Su destino está sellado de tal modo que resultará imposible, en los escasos dos meses que faltan para el 28-J, revertir lo que habrá de ser un tsunami, no sólo electoral, que la barrerá de plano.
Lo terrible en este caso es que la revolución que soñó, planificó, lideró y dejó trunca el ya ido, tiene por culpable a su actual candidato y también presidente del PSUV, que la llevó al desastre, tiró al barranco y allí quedó mal herida.
Nadie puede negar que de sus destrozos está escapando mucha gente, frustrada en lo más hondo de su corazón por el tanto engaño, mentira y el fracaso descomunal que se le imprimió a lo que millones pensaron que, de verdad iba a ser capaz de revolucionar a Venezuela.
Y no a hundirla, como así sucedió. Verdadera tragedia que ninguno de los venezolanos con cuatro dedos de frente, razonablemente, se atreve a desmentir.
Ese final habrá de repercutir, sin lugar a dudas, durante largo tiempo, cuidado si más allá del doble de lo que tienen de gobierno, que habrá de sumirlos en un violento proceso de dimes y diretes, culpándose su cada vez menguado liderazgo de los errores cometidos y sin poder tener cara limpia, como no la tienen hoy, que mañana puedan presentar tratando de izar de nuevo las rojas banderas, de mucha sangre teñidas, tratando de redimirse de un pasado que Venezuela jamás olvidará.
Aquélla consigna de “!No volverán!” les recordarán los tiempos del terror en que sumieron a tanta gente opositora, a la que llevaron presa y torturaron, o desaparecieron; de haber protagonizado la más descarada y gigantesca corrupción y de convertir, imitando al rey Midas, pero al revés, a Venezuela que era rica en una nación tan pobre como la pobre Haití que no tiene la culpa de ser un cruel escenario consecuencia de quienes desde siempre vienen controlando lo político, lo económico y lo social.

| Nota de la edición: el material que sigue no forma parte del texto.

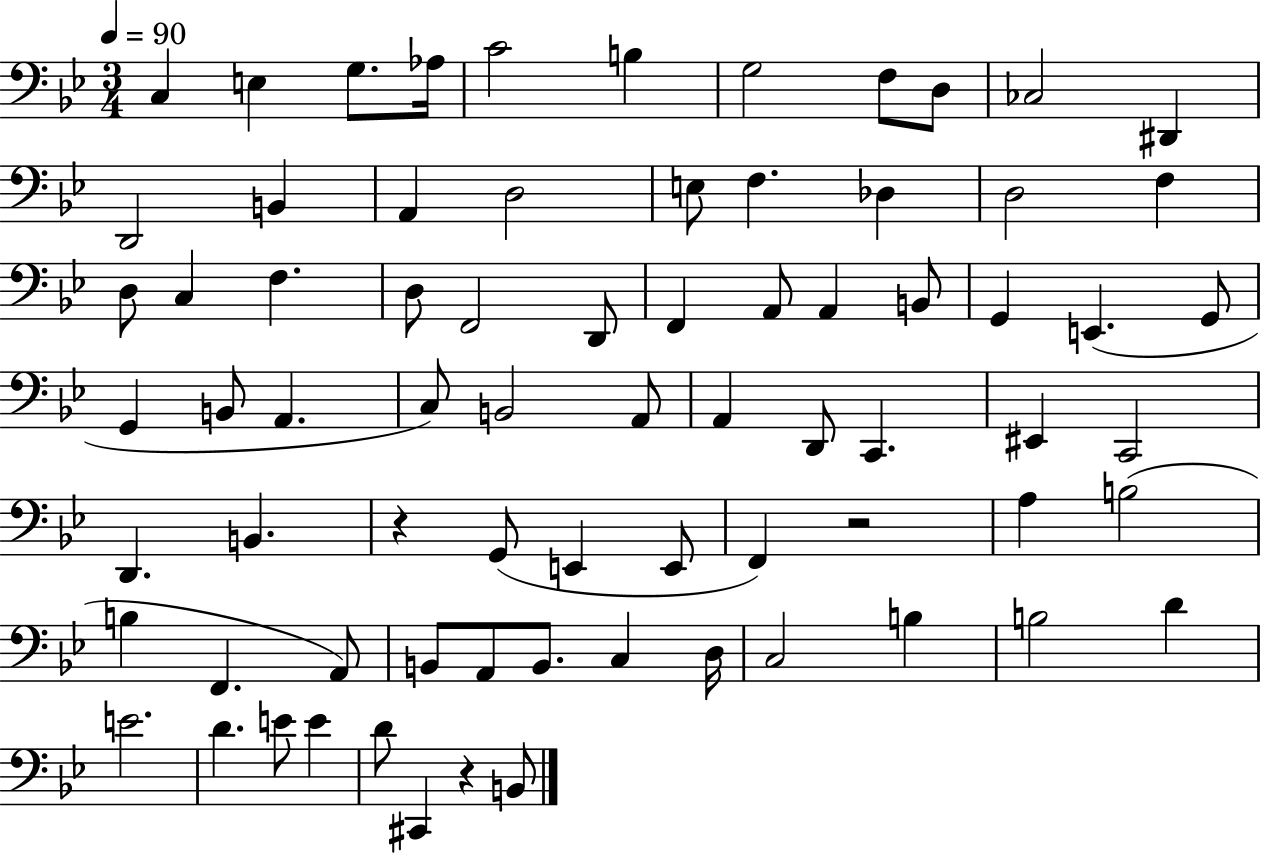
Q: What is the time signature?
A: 3/4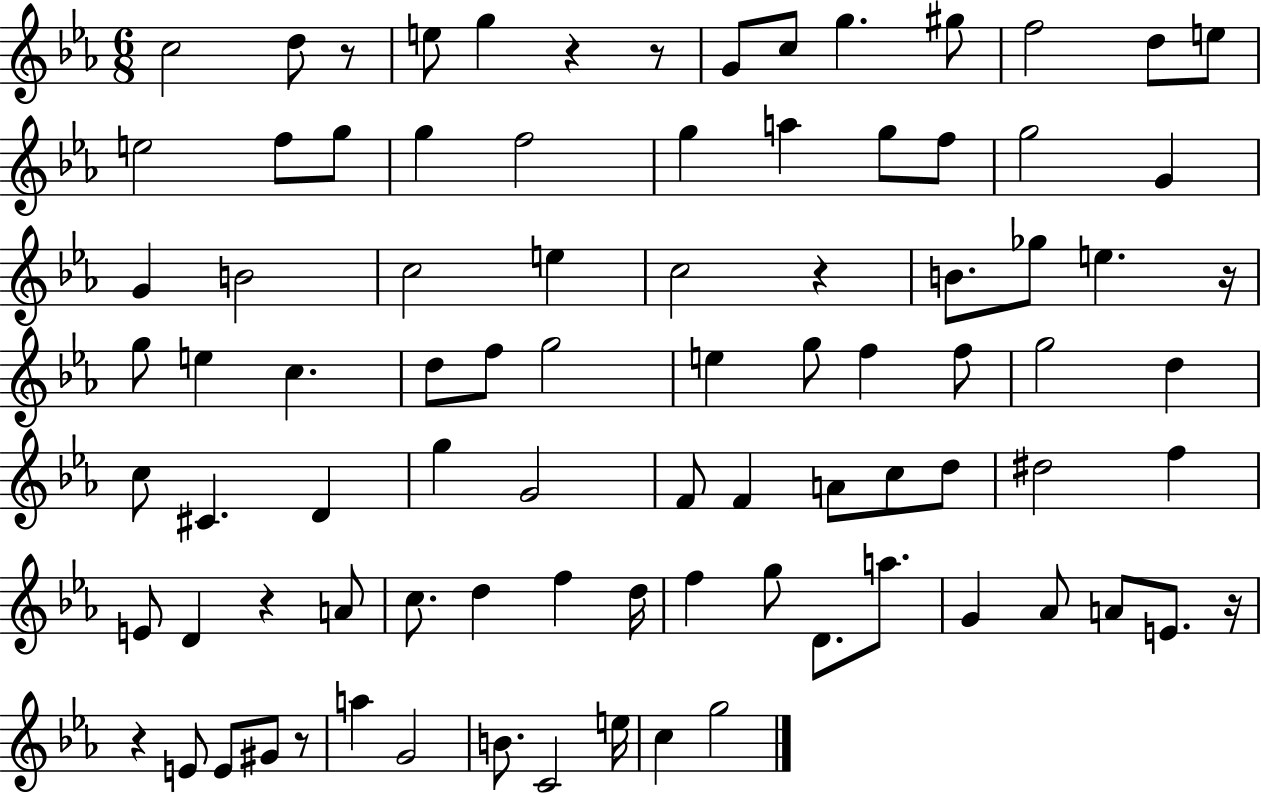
C5/h D5/e R/e E5/e G5/q R/q R/e G4/e C5/e G5/q. G#5/e F5/h D5/e E5/e E5/h F5/e G5/e G5/q F5/h G5/q A5/q G5/e F5/e G5/h G4/q G4/q B4/h C5/h E5/q C5/h R/q B4/e. Gb5/e E5/q. R/s G5/e E5/q C5/q. D5/e F5/e G5/h E5/q G5/e F5/q F5/e G5/h D5/q C5/e C#4/q. D4/q G5/q G4/h F4/e F4/q A4/e C5/e D5/e D#5/h F5/q E4/e D4/q R/q A4/e C5/e. D5/q F5/q D5/s F5/q G5/e D4/e. A5/e. G4/q Ab4/e A4/e E4/e. R/s R/q E4/e E4/e G#4/e R/e A5/q G4/h B4/e. C4/h E5/s C5/q G5/h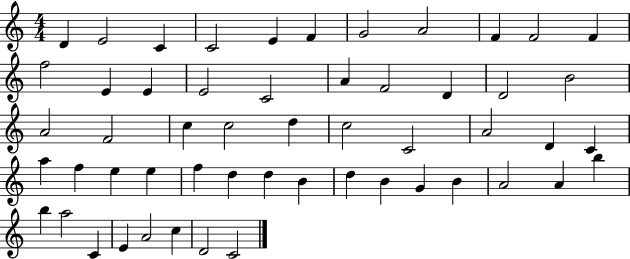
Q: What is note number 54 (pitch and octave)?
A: C4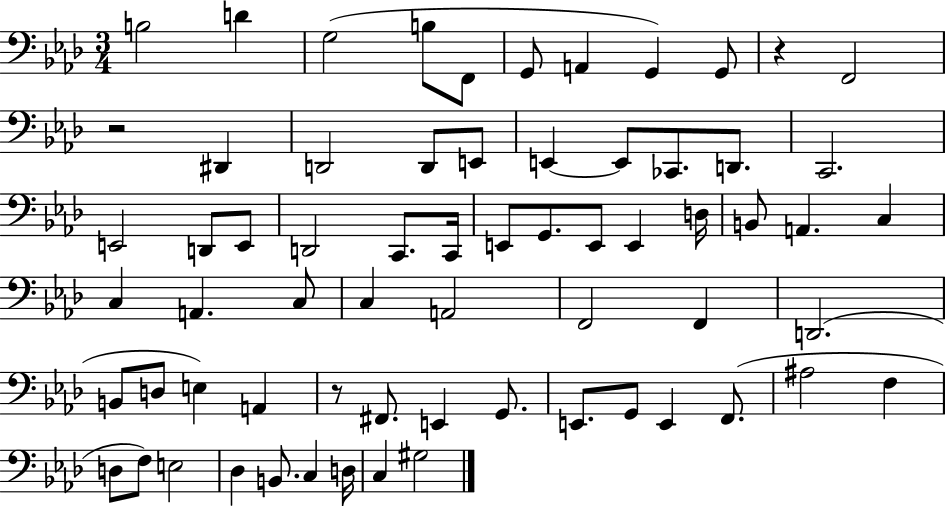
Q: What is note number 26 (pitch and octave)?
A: E2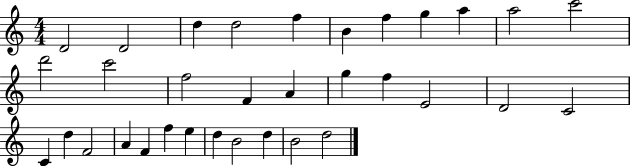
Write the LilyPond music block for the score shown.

{
  \clef treble
  \numericTimeSignature
  \time 4/4
  \key c \major
  d'2 d'2 | d''4 d''2 f''4 | b'4 f''4 g''4 a''4 | a''2 c'''2 | \break d'''2 c'''2 | f''2 f'4 a'4 | g''4 f''4 e'2 | d'2 c'2 | \break c'4 d''4 f'2 | a'4 f'4 f''4 e''4 | d''4 b'2 d''4 | b'2 d''2 | \break \bar "|."
}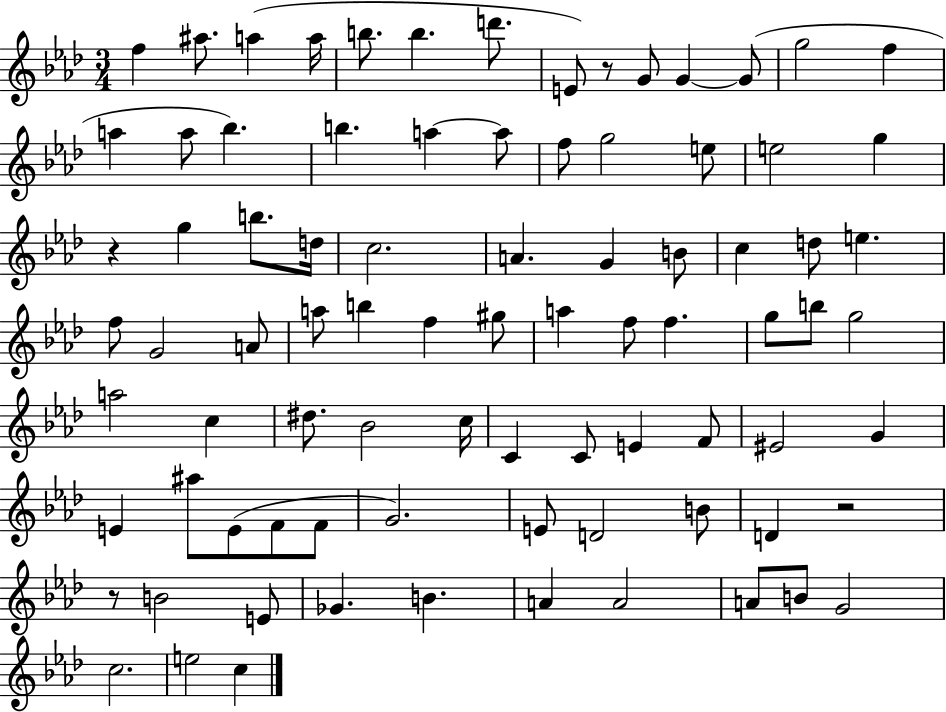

Una revolución, se dice, que pudo ser realmente transformadora, en el buen sentido, de todo lo malo en bueno y lo bueno en mejor; pero que olvidó las buenas intenciones de toda revolución que llega para avanzar, que no retroceder; para evolucionar, no involucionar y para darle mayor felicidad a un pueblo y no miseria, hambre, represión y robo.
Una revolución que quiso instaurar, primero por las armas, que dejó tantos muertos inocentes; repelida por la mayoría nacional y nutrida de ideología extraña al venezolano, que desde sus inicios segó la libertad, trastocó la paz y fue articulando, medida tras medida, el autoritarismo.
Una revolución que prometió la suprema felicidad, pero apenas alcanzó para unos cuantos rodilla en tierra, a pesar de haber gastado, todavía no se sabe en qué, una cifra varias veces superior a los 600 mil millones de dólares, sin incluir los que se robó Tareck El Aissami, también llamado “el hijo de Chávez”.
Una revolución que prefirió el retrato del Che al de nuestro Mariscal Antonio José de Sucre. Una revolución que afirma ser intrínsecamente soberana y socialista; sin dependencia alguna del imperialismo estadounidense, pero que olvida decir que sí lo es, por ejemplo, de Cuba, China e Irán.
Una revolución que no supo gobernar, que quiere decir administrar, dar ejemplo de rectitud, de sabiduría, de solidaridad, de democracia; que tuvo toda fortuna a su favor, desde divisas más que suficientes generadas por el petróleo, hasta los impuestos cada vez más altos, pero que malbarata financiando marchas y desfiles; invitando a camaradas de cualquier rango de los cinco continentes a congresos que sólo le dejaron al pueblo venezolano desilusiones, deudas por pagar y una profunda rabia, mezclada con sentimiento, por ver cómo se gastan los dineros públicos.
Una revolución que prestigió el culto a la personalidad del líder (del que lo fue y de ahora de quien cree serlo) y olvidó el rostro triste, hambriento, desamparado del auxilio oficialista en todo, de los miles de hijos de la patria; y que ahora, en tiempos electorales, con la flauta –no de Hamelin- sino la del tracalero vendedor de baratijas en cualquier feria intenta atrapar a los estudiantes de Bachillerato para “que crezcan en revolución”, la misma revolución que les niega a sus padres el progreso, el desarrollo, la paz y la libertad.
Esa revolución, que quebró la espina dorsal de nuestra economía y cree ser la dueña del destino, tendrá un final muy triste. Y doloroso. Porque no podrá resistir el peso sobre su pasado de la gigantesca avalancha del voto que la sepultará en el lado incorrecto, el del degredo, que les reserva la historia a los grandes perdedores.